One of the small striped ground-squirrels already noticed was killed, and an individual belonging to another species,[46] distinguished by the extraordinary coarseness and flattened form of the fur, and by three black lines on each side of the tail; these [260] lines at their tips are of course united over the surface of the tail as in the Barbary squirrel. It nestles in holds and crevices of the rocks, and does not appear to ascend trees voluntarily.
It appears to inhabit principally about the naked parts of the sandstone cliffs, or where there are only a few cedar bushes. In the pouch of the specimens killed, we found the buds and leaves of a few small plants, common among the rocks.
Following up the bed of the creek, we ascended by a gradual elevation to the surface of the stratum of red sandstone. It is separated by a somewhat distinct boundary from the finer and more compact grey variety which rests upon it. This grey sandstone appears from the organic relics it contains, as well as from its relative position, to have been of more recent deposition than the red. Its prevailing colours are grey or yellowish white; its stratifications distinct; and its cement often argillaceous.
After entering upon this variety, we found the valley of the creek less circuitous in direction, but narrower and more obstructed by detached fragments than below. The impaling cliffs on each side were also more uniformly perpendicular, putting it out of our power to choose any other path than the rugged one before us. As with every step of our advance upon this route, we were gaining a little in point of elevation, we hoped by following it to reach at length its termination in the high and open plain, which we had no doubt existed, extending over the greater part of the surface of the country, wherever the strata of sandstone were still unbroken. At five P. M., supposing we had arrived very near this much-wished-for spot, and finding an indifferent supply of grass for our horses, we halted for the night, having travelled fifteen miles.
July 26th. The water of the large stream we had crossed, and ascended for some distance on the preceding [261] day, was turbid, and so brackish as to be nauseous to the taste. The same was observed, though in a less remarkable degree, of the little tributary we had followed up to our encampment. After leaving the region of red sandstone, we found the water to become perceptibly purer. In the districts occupied by that rock, we have observed several copious springs, but not one whose waters were without a very manifest impregnation of muriate of soda, or other saline substances. In the gray or argillaceous sandstone springs are less frequent, but the water is not so universally impure.

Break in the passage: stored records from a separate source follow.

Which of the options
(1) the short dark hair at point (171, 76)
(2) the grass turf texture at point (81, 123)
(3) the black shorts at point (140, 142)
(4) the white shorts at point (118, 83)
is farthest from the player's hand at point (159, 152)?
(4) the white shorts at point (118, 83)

A beautiful dalea, two or three euphorbias, with several species of eriogonum, were among the plants collected about this encampment. Notwithstanding the barrenness of the soil and the aspect of desolation which so widely prevails, we are often surprised by the occurrence of splendid and interesting productions springing up under our feet, in situations that seemed to promise nothing but the most cheerless and unvaried sterility. Operating with unbounded energy in every situation, adapting itself with wonderful versatility to all combinations of circumstances; the principle of life extends its dominion over those portions of nature which seem as if designed for the perpetual abode of inorganic desolation, distributing some of its choicest gifts to the most ungenial regions; fitting them by peculiarity of structure, for the maintenance of life and vigour, in situations apparently the most unfavoured.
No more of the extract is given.